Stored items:
*** Begin section ***

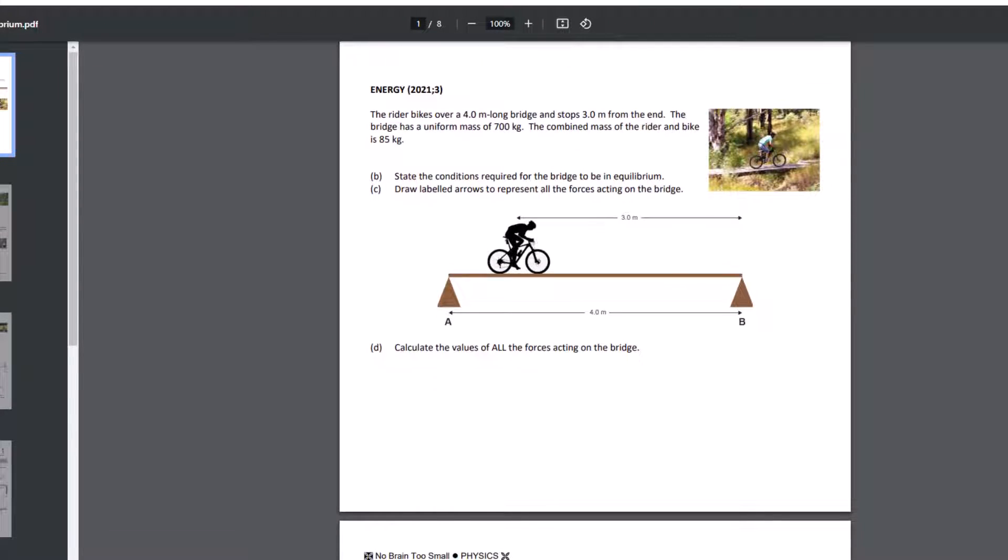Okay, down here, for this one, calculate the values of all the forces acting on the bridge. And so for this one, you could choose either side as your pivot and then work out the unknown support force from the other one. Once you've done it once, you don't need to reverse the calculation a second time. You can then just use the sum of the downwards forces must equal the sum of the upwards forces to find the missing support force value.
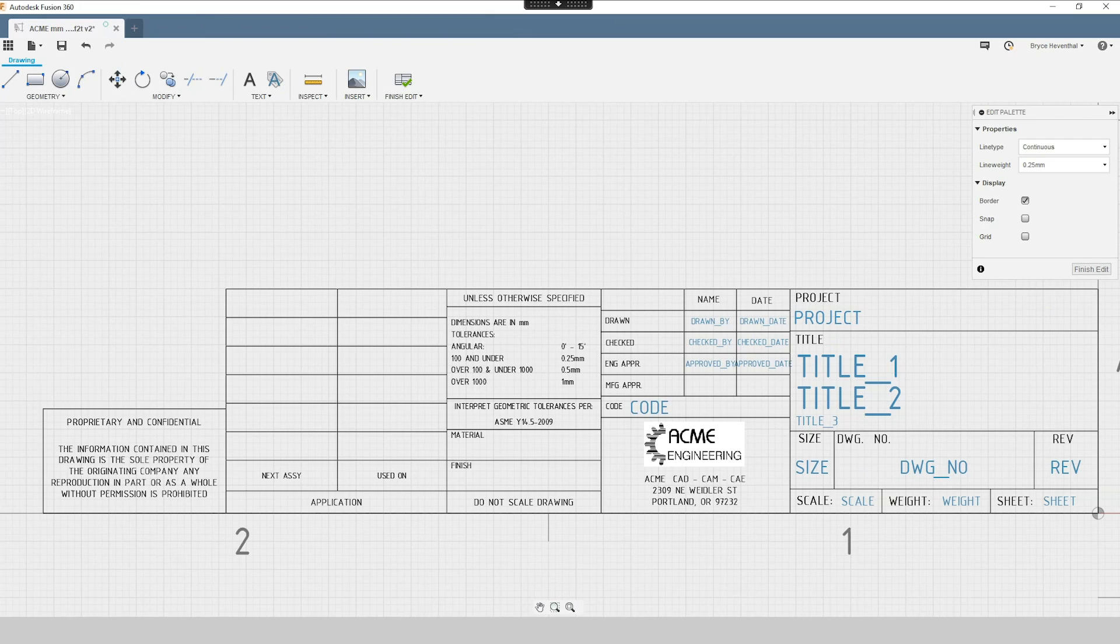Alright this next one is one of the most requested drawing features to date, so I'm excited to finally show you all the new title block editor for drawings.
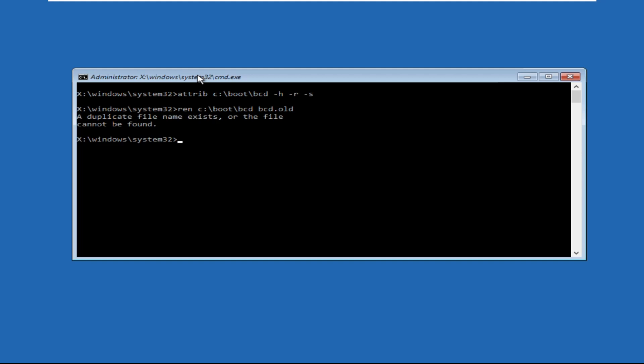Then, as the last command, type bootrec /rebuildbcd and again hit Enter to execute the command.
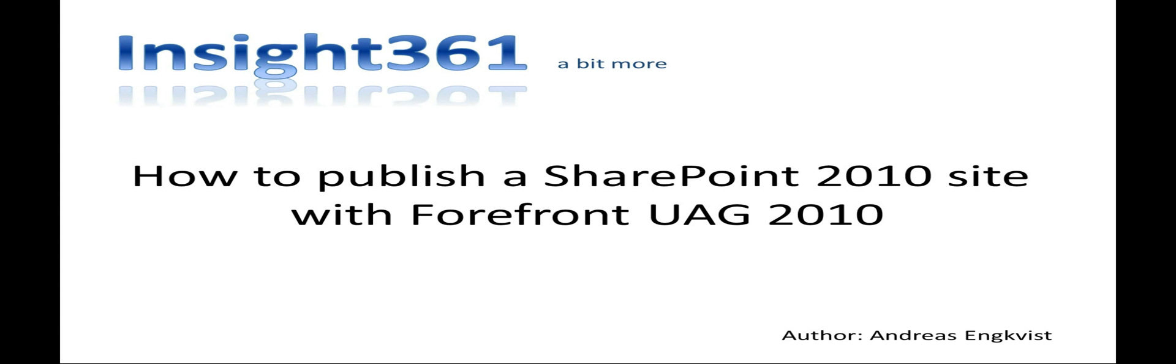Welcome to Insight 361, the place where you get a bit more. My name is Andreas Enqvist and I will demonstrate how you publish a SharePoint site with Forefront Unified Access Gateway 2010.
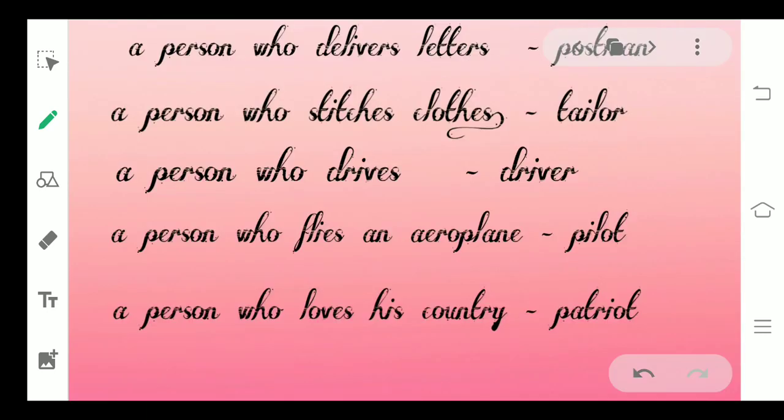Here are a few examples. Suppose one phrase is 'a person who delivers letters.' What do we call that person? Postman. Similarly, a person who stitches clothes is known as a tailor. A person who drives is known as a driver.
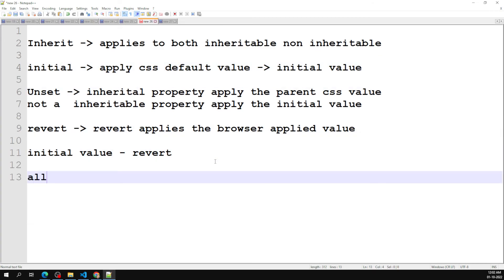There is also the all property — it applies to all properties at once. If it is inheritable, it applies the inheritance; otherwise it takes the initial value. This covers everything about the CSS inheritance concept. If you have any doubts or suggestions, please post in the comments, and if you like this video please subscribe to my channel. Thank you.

*** End section ***

Your objective:
Please write out the lines above, beginning at the line with "Then, as the" and ending at the last line of the records, exactly as they appear and without pictures.

Written answer:
Then, as the last command, type bootrec /rebuildbcd and again hit Enter to execute the command.
Welcome to Insight 361, the place where you get a bit more. My name is Andreas Enqvist and I will demonstrate how you publish a SharePoint site with Forefront Unified Access Gateway 2010.
Here are a few examples. Suppose one phrase is 'a person who delivers letters.' What do we call that person? Postman. Similarly, a person who stitches clothes is known as a tailor. A person who drives is known as a driver.
There is also the all property — it applies to all properties at once. If it is inheritable, it applies the inheritance; otherwise it takes the initial value. This covers everything about the CSS inheritance concept. If you have any doubts or suggestions, please post in the comments, and if you like this video please subscribe to my channel. Thank you.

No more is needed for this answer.